## THE DATA:
★ ★ ★ ★

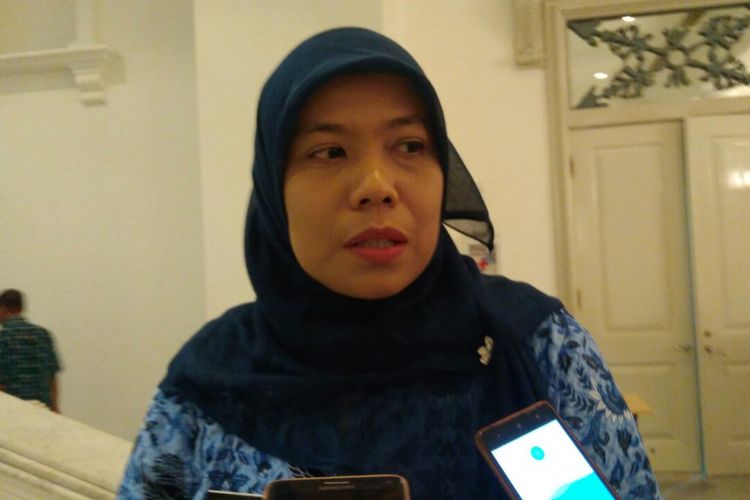 Kepala Biro Tata Pemerintahan DKI Jakarta Premi Lasari di Balai Kota DKI Jakarta, Jalan Medan Merdeka Selatan, Selasa (19/9/2017).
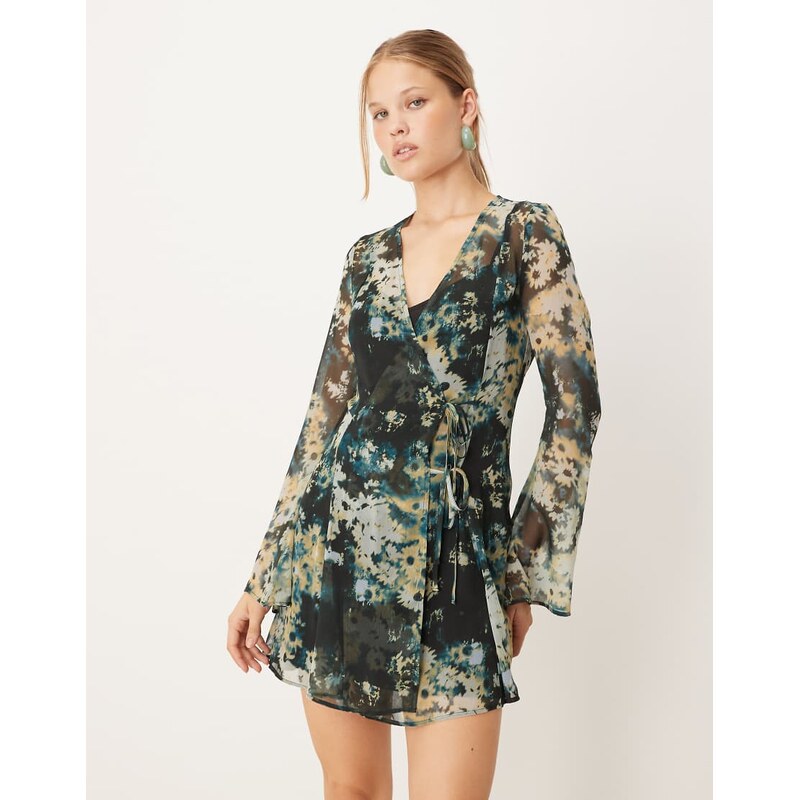 ASOS DESIGN wrap mini dress with ties in blurred blue floral-Multi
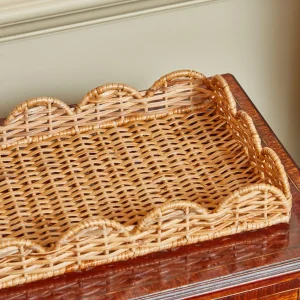 Shop Small Scalloped Rattan Tray Trays & Liners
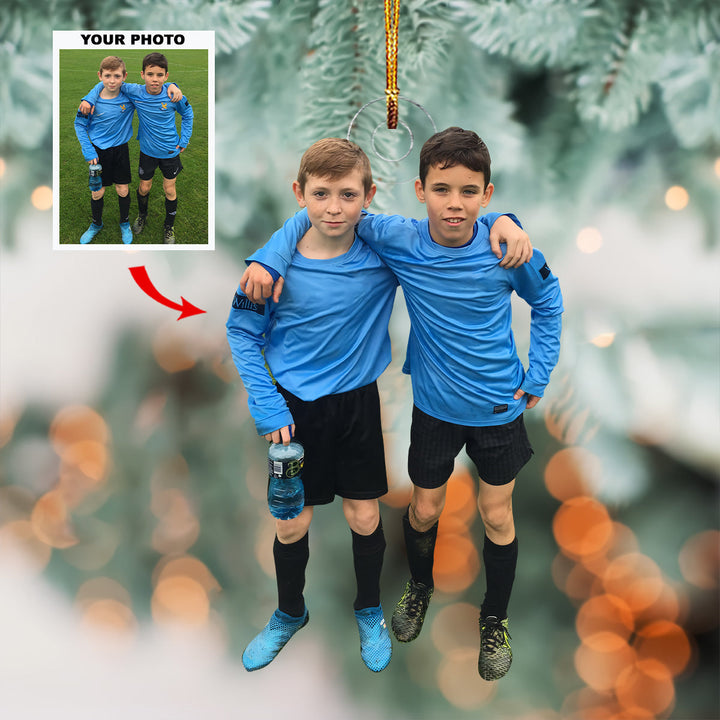 Youth Sports Memory - Personalized Photo Mica Ornament - Christmas Gift For Sport Lovers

★ ★ ★ ★

## EXERCISE DESCRIPTION:
Nothing but the lines from the first line of the data above through the line holding "Shop Small Scalloped" may appear in the response, copied exactly and without pictures.

## OUTPUT OF THE EXERCISE:
 Kepala Biro Tata Pemerintahan DKI Jakarta Premi Lasari di Balai Kota DKI Jakarta, Jalan Medan Merdeka Selatan, Selasa (19/9/2017).
 ASOS DESIGN wrap mini dress with ties in blurred blue floral-Multi
 Shop Small Scalloped Rattan Tray Trays & Liners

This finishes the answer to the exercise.